Quelle expression de joie, de bonheur, de gaîté de cœur que l'essor de l'alouette! Elle s'élève de son nid bâti sur le sol, elle monte par son escalier aérien dessinant de larges spirales jusqu'à ce qu'on la perde de vue dans les profondeurs bleues du ciel, et tout le temps il en jaillit un torrent de chant ravi, qu'on entend distinctement même après avoir perdu de vue la chanteuse. Cette ascension et ce chant symbolisent bien la tendance ascensionnelle de la conscience humaine qui se réveille. Le poète n'a pu résister à la similitude, car il y contemple la contrepartie de sa propre exaltation spirituelle, quelque idéal et impraticable que cela puisse paraître pour celui qui est chargé et entravé du rebut et de la lie terrestres. Cependant, cette expérience, cette élévation mentale, cette joie suprême du cœur est accessible à tout humain qui réalise, même dans une certaine mesure, la vérité de son être. Le poids devient léger, les fardeaux tombent, les entraves se relâchent lorsque vient la compréhension que Dieu est l'infini Père-Mère, Amour parfait, seule cause et seul créateur de l'univers; que l'homme est Sa pleine et complète expression, parfait et éternel comme Dieu, que le vieil homme, l'homme qui craint et qui doute, qui éprouve la maladie et la mort, n'a ni place ni part dans l'infinitude de la Vérité, mais qu'il n'est que mensonge, que rêve, dont doit se réveiller la conscience. Est-ce surprenant alors que le cœur plane et chante, qu'il rivalise l'alouette dans sa glorieuse liberté? Ce réveil découvre un nouvel univers, le ciel nouveau et la terre nouvelle, le royaume du réel, absolument séparé des peines et de l'esclavage terrestres, et à mesure que la vision devient plus claire on a un sens toujours plus profond de la liberté.
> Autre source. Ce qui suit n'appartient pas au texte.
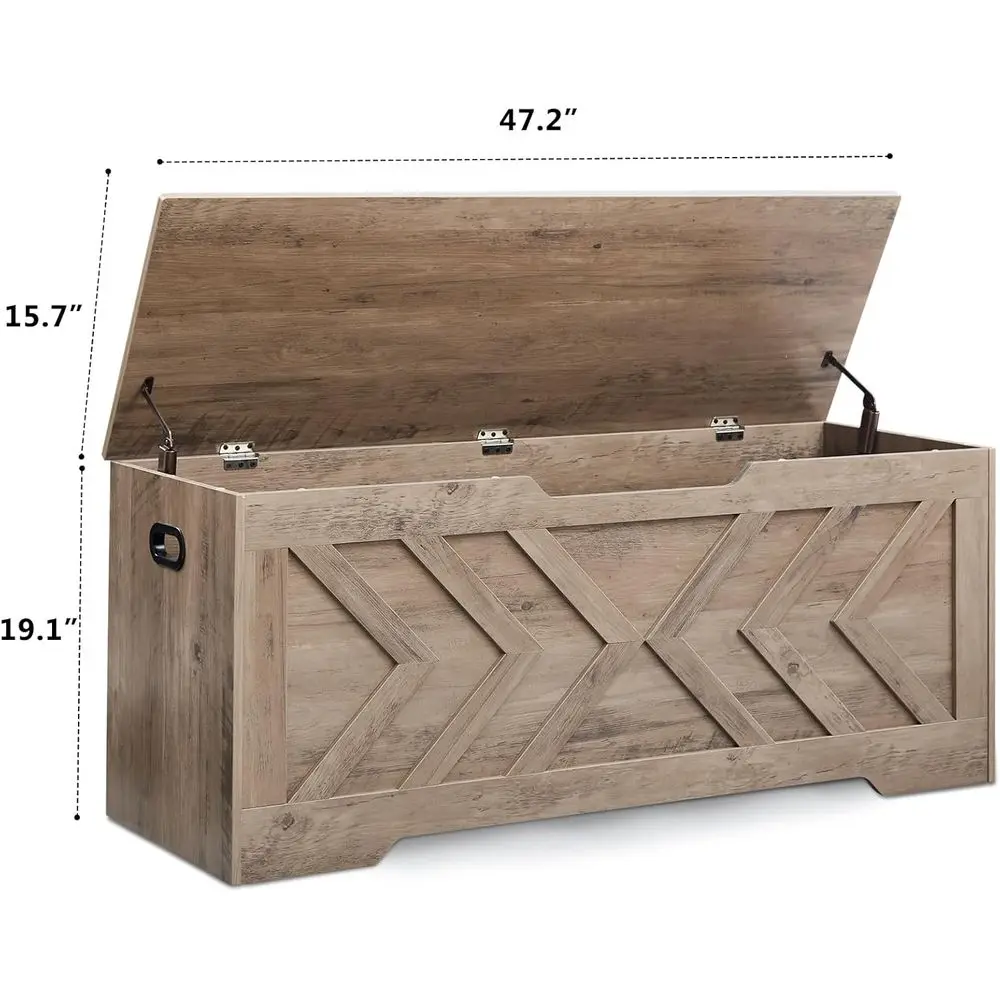 ตู้เก็บของไม้ขนาดใหญ่พิเศษ พร้อมบานพับนิรภัย 2 บาน ใช้เป็นม้านั่งวางของที่ทางเข้าบ้านสำหรับเก็บผ้าห่มและรองเท้า เหมาะสำหรับห้องนอนและห้องนั่งเล่น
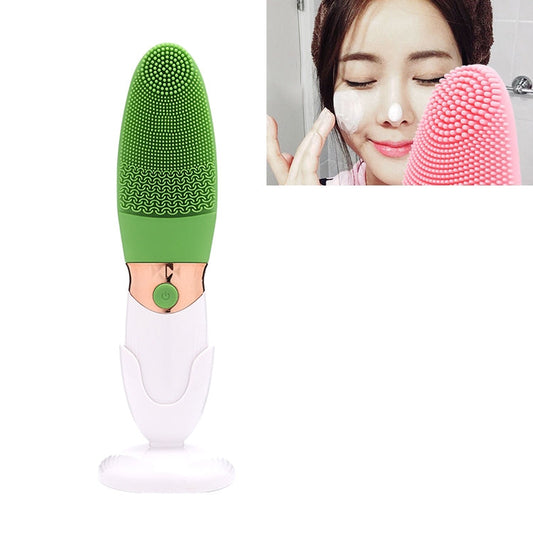 CNaier AE-618 Nettoyant Visage Électrique à Ondes Sonores en Silicone, Alimenté par Piles (Vert)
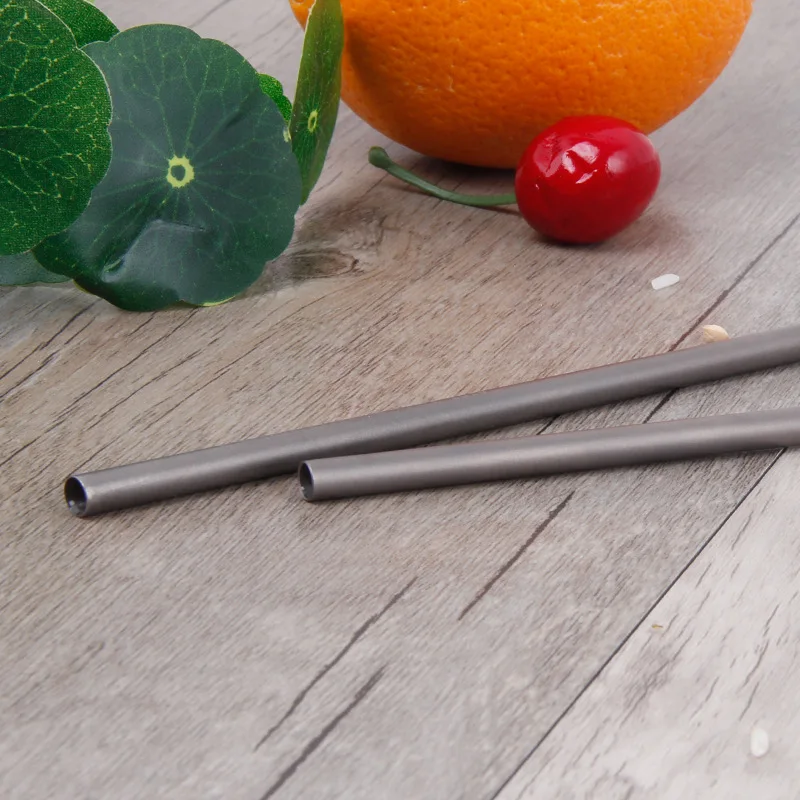 Титановая соломинка с 1 чистящей щеткой из титанового сплава изгибом кухонная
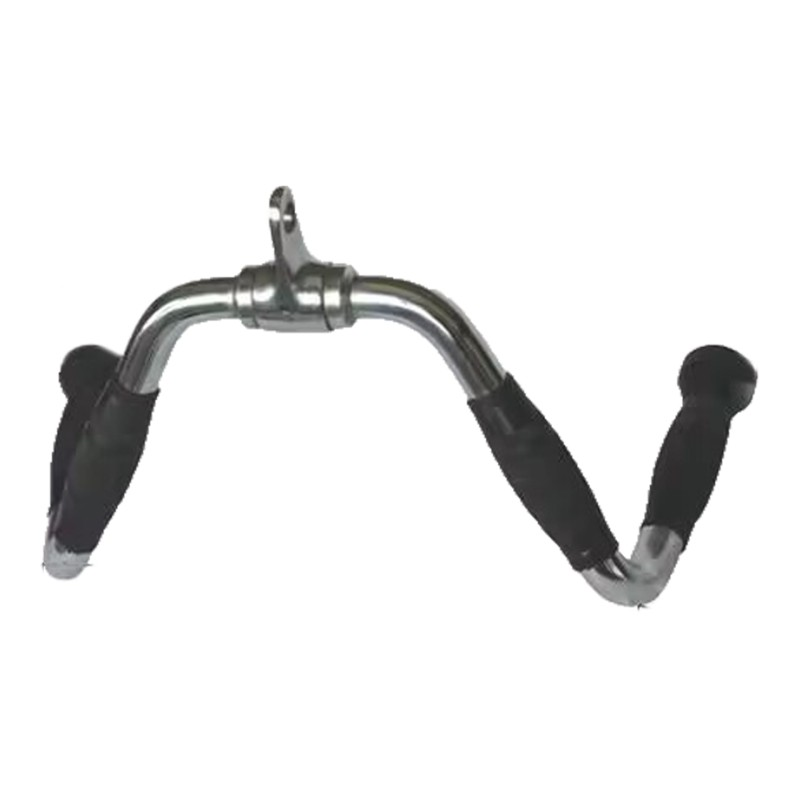 Accesorio de cable cromado para gimnasio con empuñaduras de goma negra y argolla central.
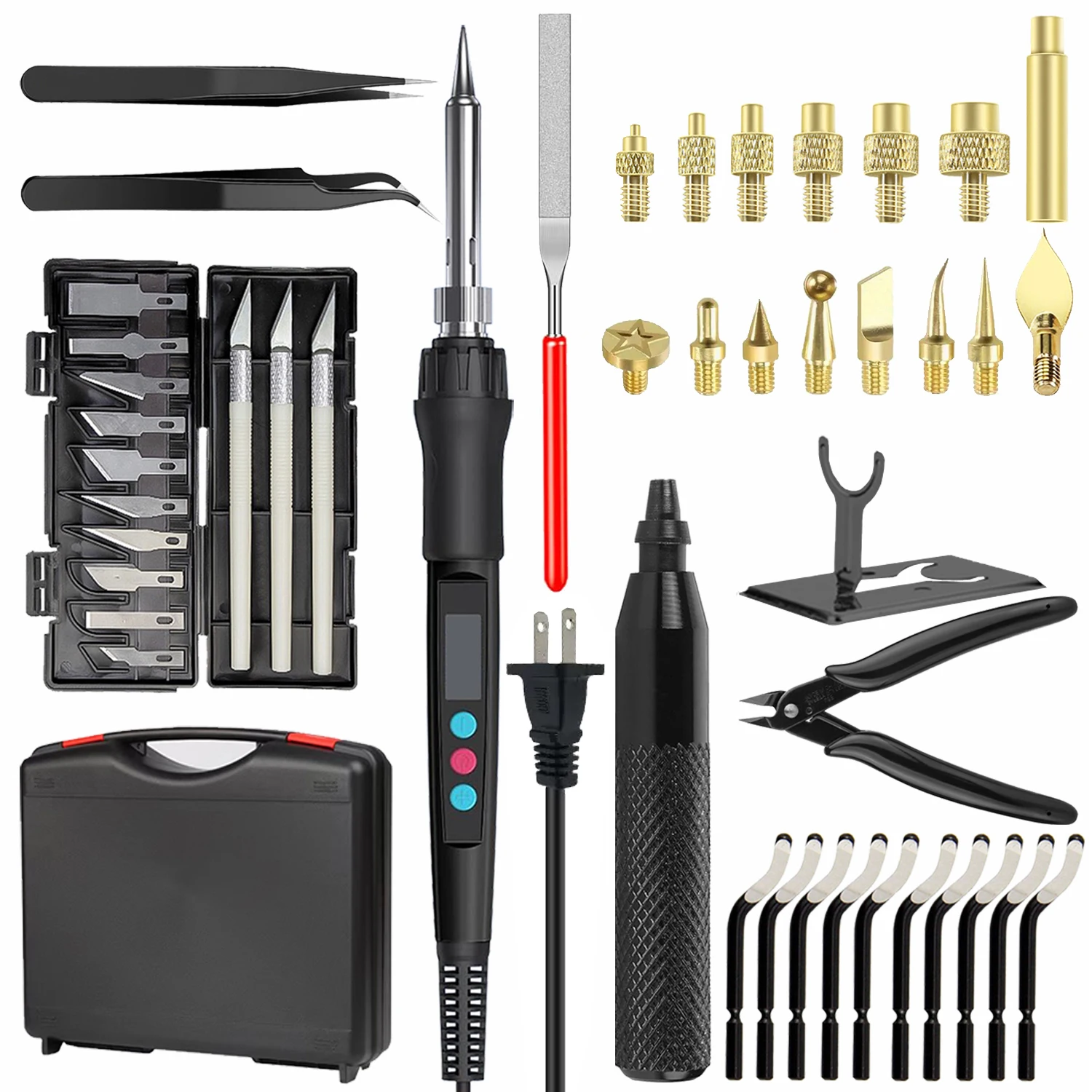 3D Printer Accessories, 3D Printing Tools Kit, 3D Print Finishing Tools Includes Soldering Iron, 8 Trimming Heads and 7 Nuts
3D Printer Accessories, 3D Printing Tools Kit, 3D Print Finishing Tools Includes Soldering Iron, 8 Trimming Heads and 7 Nuts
A un endroit déterminé sur cette voie de la pensée ascendante, du développement spirituel, il se révèle dans la conscience humaine le grand fait que l'homme étant l'image, l'expression de Dieu, sa seule activité est le reflet du bien; et que c'est là la seule activité (les seules affaires) que l'homme a jamais eue, qu'il a actuellement ou qu'il aura jamais. Ainsi donc on voit que les occupations utiles, les industries, et les vocations humanitaires auxquelles les hommes ont jugé nécessaire de s'adonner pour gagner leur vie ne sont après tout que les canaux par lesquels l'Amour divin s'exprime, conformément à la volonté bonne et parfaite de Dieu. Dès qu'on comprend que l'homme "n'est que l'humble serviteur de l'Entendement paisible" (Science et Santé, p. 119), l'activité revêt un aspect plus divin, et le labeur même le plus dur et le plus humble devient une tâche joyeuse et exaltante. Le cœur chante, et la lassitude disparaît.
"Venez à moi, vous tous qui êtes fatigués et chargés, et je vous soulagerai," telle est l'invitation bienveillante nous engageant à nous détacher des liens du sens matériel et à trouver le repos parfait, la joie spirituelle dans le service bienheureux du ministère du Christ. Mrs. Eddy nous dit à la page 265 de Science et Santé: "Il faut que les mortels gravitent vers Dieu, que leurs affections et leurs desseins se spiritualisent,—il faut qu'ils abordent les interprétations plus larges de l'être, et qu'ils gagnent un sens plus juste de l'infini,—afin de se dépouiller du péché et de la mortalité." C'est là notre tâche, ou plutôt notre privilège précieux et la voie a été tracée et marquée jusqu'à ce qu'elle soit si bien définie que tout chercheur sincère de la Vérité puisse la trouver et la suivre. Et à mesure que nous prenons notre essor, que nous allons toujours plus haut et plus loin, dans le domaine de la lumière, il vient, dans l'expérience de chacun ce que le poète Samuel Longfellow a si bien prophétisé:—
Le pas plus libre, le souffle plus profond,
La vue sublime de plus larges horizons,
Le sens de Vie qui ne connaît pas la mort,—
La Vie qui apporte le renouveau en toutes choses.